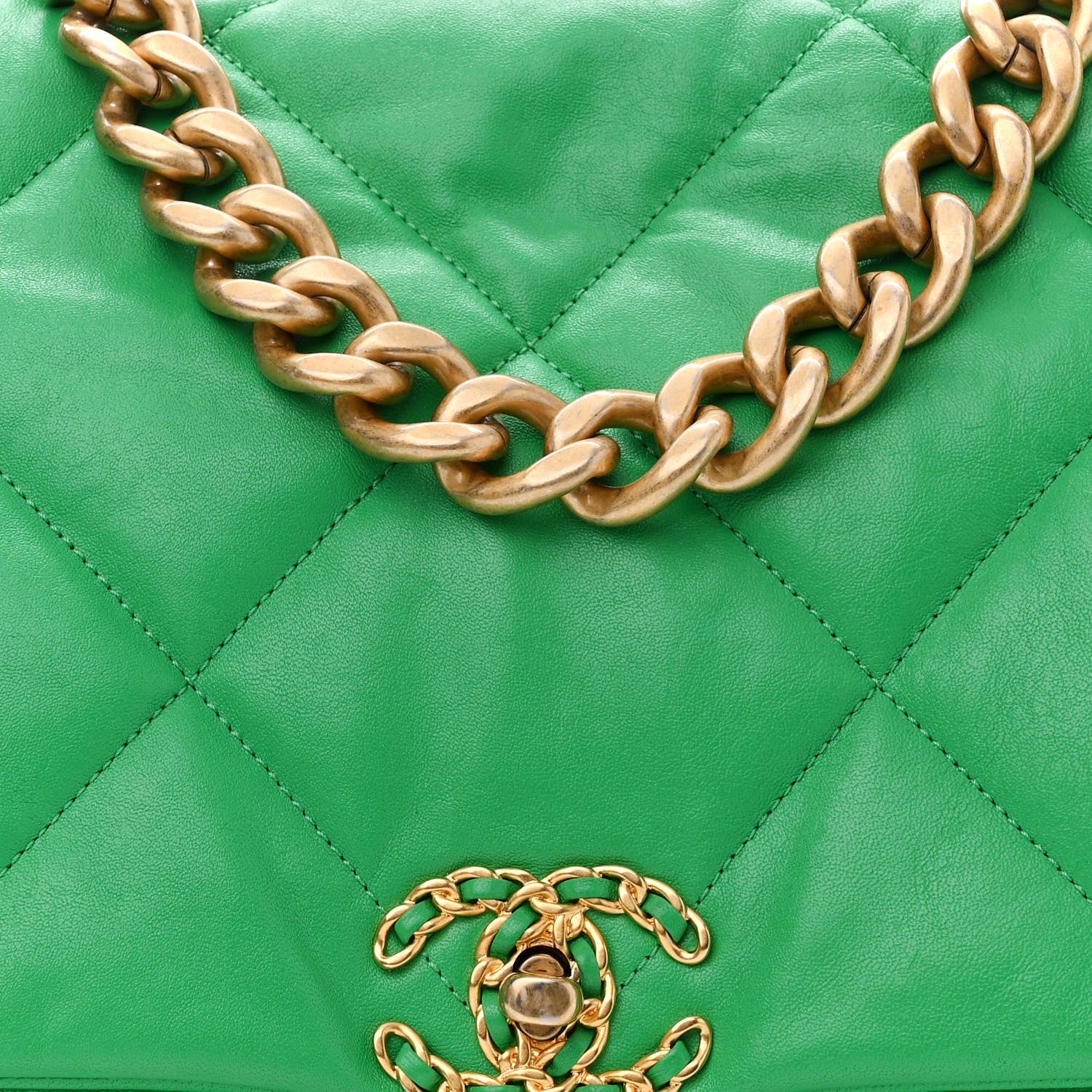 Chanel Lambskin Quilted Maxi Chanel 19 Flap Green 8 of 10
...
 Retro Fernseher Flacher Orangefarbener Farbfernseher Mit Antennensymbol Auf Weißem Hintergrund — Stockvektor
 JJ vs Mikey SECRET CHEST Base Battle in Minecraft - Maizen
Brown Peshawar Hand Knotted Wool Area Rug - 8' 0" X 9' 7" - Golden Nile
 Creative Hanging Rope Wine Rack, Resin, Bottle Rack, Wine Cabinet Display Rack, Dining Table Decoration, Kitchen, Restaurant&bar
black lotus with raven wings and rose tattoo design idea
==
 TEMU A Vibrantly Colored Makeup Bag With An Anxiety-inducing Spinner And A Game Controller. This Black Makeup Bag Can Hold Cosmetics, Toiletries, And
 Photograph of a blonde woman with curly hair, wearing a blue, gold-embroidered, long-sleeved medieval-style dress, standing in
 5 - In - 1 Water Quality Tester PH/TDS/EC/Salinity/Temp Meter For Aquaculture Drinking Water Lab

Your objective: Copy verbatim, from the listing above, each line from the one containing "Creative Hanging Rope" down to the one containing "black lotus with", inclusive.

Exercise answer:
 Creative Hanging Rope Wine Rack, Resin, Bottle Rack, Wine Cabinet Display Rack, Dining Table Decoration, Kitchen, Restaurant&bar
black lotus with raven wings and rose tattoo design idea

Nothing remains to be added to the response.